= Beginning of Section =

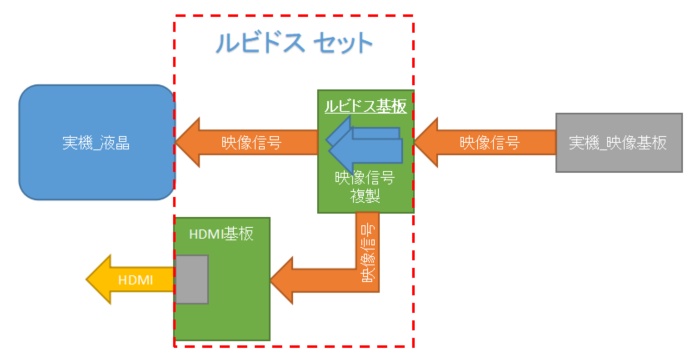 コナミ 新筐体用 液晶HDMI化システム(ルビドス)セット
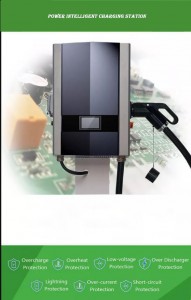 DC Fast EV Charger For Commercial Use CCS1 CCS2 Chademo GB/T With APP Wifi Cloud Operate System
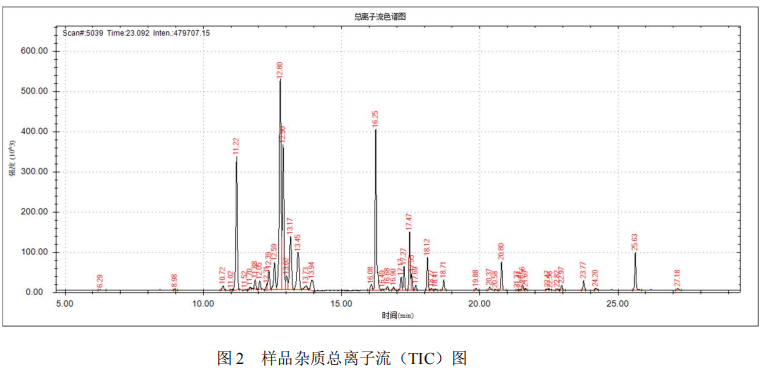 单四极杆气相色谱质谱联用仪-安益谱 7700 气质联用仪测定催化剂中的挥发性有机物(图3)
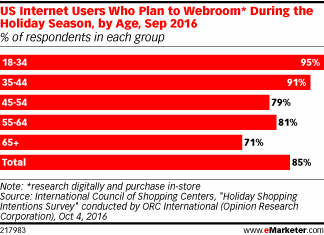 US Internet Users Who Plan to Webroom* During the Holiday Season, by Age, Sep 2016 (% of respondents in each group)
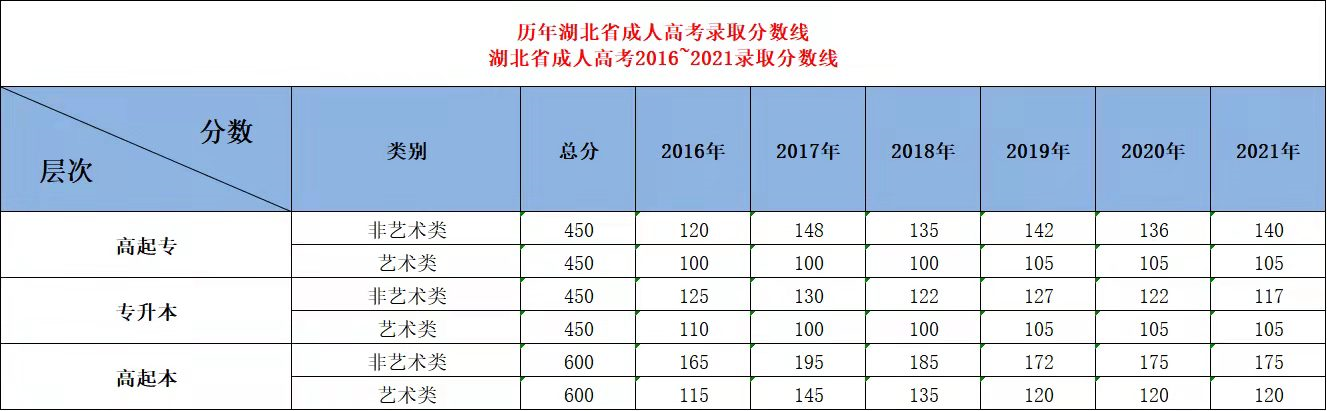 武汉理工2022年成人高考专科段、本科段录取分数线的多少？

= End of Section =

* [Instructions to follow]
Above are the records; repeat them all exactly, without the pictures.

* [Written answer]
 コナミ 新筐体用 液晶HDMI化システム(ルビドス)セット
 DC Fast EV Charger For Commercial Use CCS1 CCS2 Chademo GB/T With APP Wifi Cloud Operate System
 单四极杆气相色谱质谱联用仪-安益谱 7700 气质联用仪测定催化剂中的挥发性有机物(图3)
 US Internet Users Who Plan to Webroom* During the Holiday Season, by Age, Sep 2016 (% of respondents in each group)
 武汉理工2022年成人高考专科段、本科段录取分数线的多少？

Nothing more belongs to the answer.